*** Opening of Exercise data ***
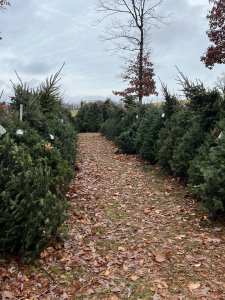 A path through rows of precut trees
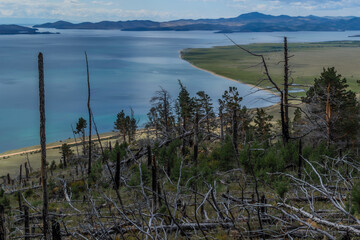Dry dead brocken trunks stumps among felled trees and green bushes after fire on slope of mountain. Pine forest on shore of bay blue Baikal lake. Mountains on horizon. Siberia nature landscape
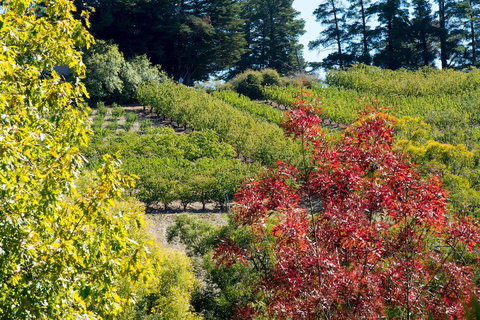 The Manor Basket Range - Accommodation Whitsundays 16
*** Close of Exercise data ***
To do: With the images omitted, repeat all the data word for word.

Task output:
 A path through rows of precut trees
Dry dead brocken trunks stumps among felled trees and green bushes after fire on slope of mountain. Pine forest on shore of bay blue Baikal lake. Mountains on horizon. Siberia nature landscape
 The Manor Basket Range - Accommodation Whitsundays 16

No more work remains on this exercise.